Court employees threaten strike

SAN MARTIN
– The Santa Clara Superior Court is enmeshed in a labor dispute
with a union representing 600 of its employees – including roughly
30 in San Martin – that could potentially tangle court operations
if the two sides fail to hammer out a new contract.
SAN MARTIN – The Santa Clara Superior Court is enmeshed in a labor dispute with a union representing 600 of its employees – including roughly 30 in San Martin – that could potentially tangle court operations if the two sides fail to hammer out a new contract.

The Service Employees International Union 715 – which represents everyone from clerical workers and court reporters to court-appointed mediators – will decide today whether to authorize a strike over negotiations that have so far failed to produce a new agreement with the state-run courts.

“The contract has expired, and the bargaining committee felt negotiations were far enough apart that hearing from the membership about what they’re willing to do would be necessary,” said SEIU spokeswoman Isobelle White about the vote.

Salaries are a major issue in the dispute. Court employees want a raise comparable to the 6 percent hike that thousands of county employees recently received, White said, but so far the courts are only offering a 2.5 percent raise the first year and no guaranteed raises in the duration of a proposed three-year contract.

The different offers come after responsibility for the courts shifted from county to state control about three years ago.

“Our members worked hard to make that transition happen,” White said. “The change was never meant to penalize the court workers, but that’s what ended up happening.”

Court workers would also like to negotiate more flexible work schedules, White said, as well as secure better job security for roughly 30 court-employed research attorneys who are hired on a year-to-year basis and can be released at any time without just cause.

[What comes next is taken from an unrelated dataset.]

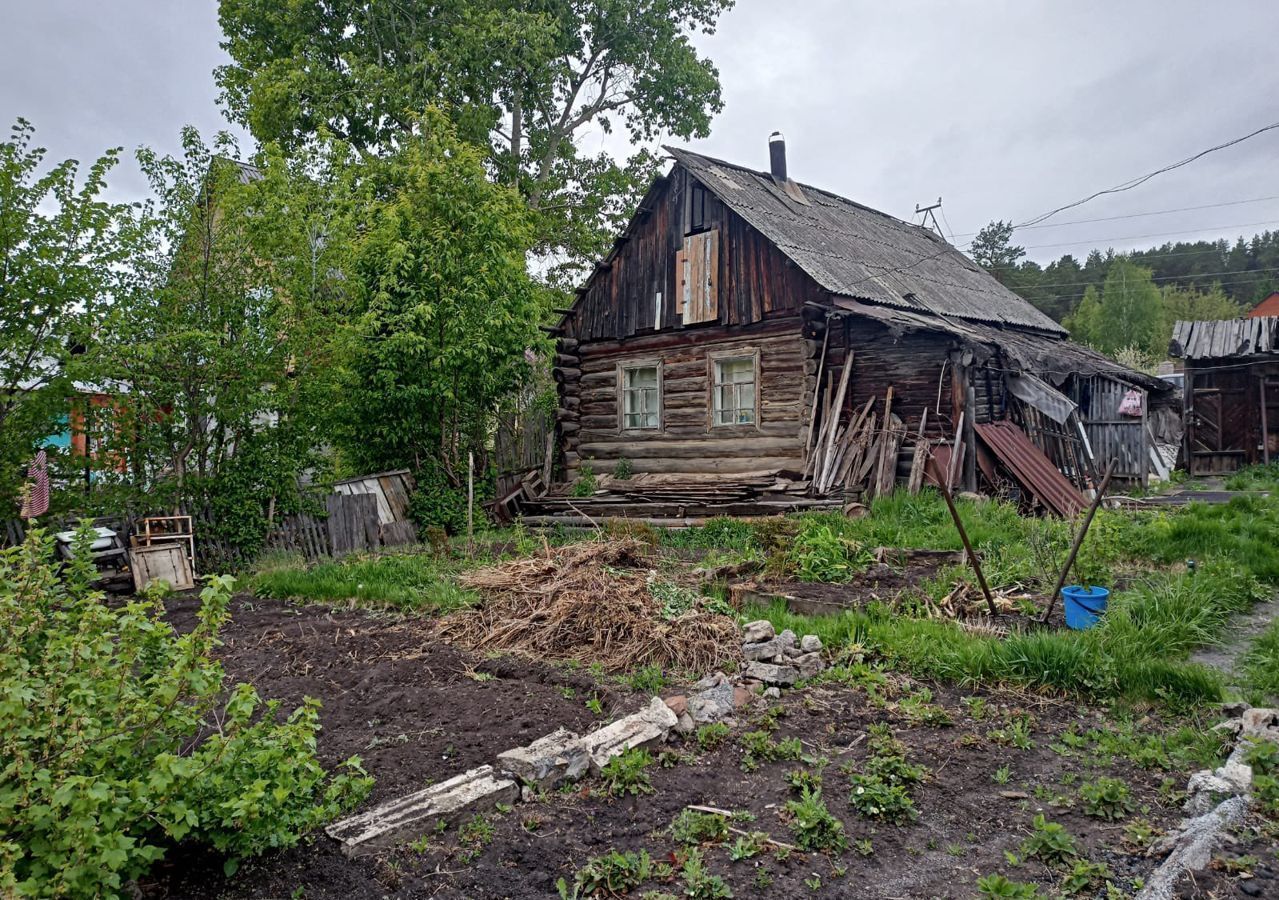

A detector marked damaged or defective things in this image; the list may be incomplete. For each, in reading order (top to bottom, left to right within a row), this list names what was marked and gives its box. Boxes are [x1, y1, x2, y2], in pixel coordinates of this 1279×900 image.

rusty corrugated sheet [976, 420, 1088, 512]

White said Monday there’s no firm date set for a strike, and the two sides may go to mediation or back to the bargaining table. But any work stoppage would threaten to at least hamper court operations, which involve the specialized daily intake, coordination and processing of reams of paperwork and legal documents.

A court spokeswoman said Tuesday the court can’t comment on negotiations because they’re in final stages, but officials have developed a “contingency plan” to keep operations running. However, she said she could not elaborate further on the specifics of the plan.

“The court is committed to maintaining services to the public to the greatest extent possible,” said the spokeswoman, reading a prepared statement. “We also recognize a legal obligation to ensure the court’s essential functions will proceed.”